Even death has its price
There's something terribly clinical about ratings agencies. No issue seems to be out of bounds: migrants, natural disasters, even terrorist attacks, they all get analysed.
Standard & Poor's has issued a report in the wake of the attacks in Paris in which it said a surge in terrorism, "Islamist or otherwise", is by itself unlikely to affect the sovereign ratings of Western European economies.
"That said, terrorism could gradually and indirectly hamper economic growth prospects in the region and have potential fiscal consequences for governments," S&P noted.
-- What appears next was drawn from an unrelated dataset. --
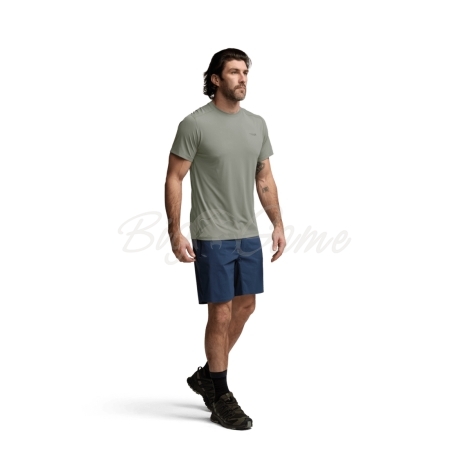 Футболка SITKA Tech Tee цвет Herb Green фото 5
It is a reminder that in the midst of the events of last weekend, there are not only social consequences of such abominable acts, but also economic and financial fallouts. It can be argued that they are irrelevant for those affected by attacks, but can be an issue for the governments concerned.
Moritz Kraemer, Standard & Poor's sovereign global chief risk officer, said that repeated incidents could depress consumer and investor confidence, and weigh on sectors such as tourism, aviation, and leisure.
"Even in the absence of another attack, if growing border controls became a quasi-permanent feature this could heighten the costs of doing business," he added. "Less-permeable borders will impair economic integration and the growth of EU economies."
Diamonds lose shine for Teeling
JOHN Teeling is one of the great Irish entrepreneurs of our time. He has backed project after project, and when he sold his Cooley Distillery to Beam for €78m back in 2012, there was near universal goodwill towards him from within the business community.
Cut to this week however and his diamond company, Botswana Diamonds, is in a bit of bother. Yesterday he told investors that the firm's low share price was "difficult to accept and understand". Diamond prices are in freefall worldwide however.
The company then faced the news that a company not named Botswana Diamonds had found the biggest diamond in Botswana for 100 years.
In truth though, Mr Teeling's venture is a very small player in the business.
With a market cap of about £1.5m (€2.1m), Botswana Diamonds pales compared to the Canadian firm that discovered the huge rock yesterday. Lucara Diamonds is valued at €547m.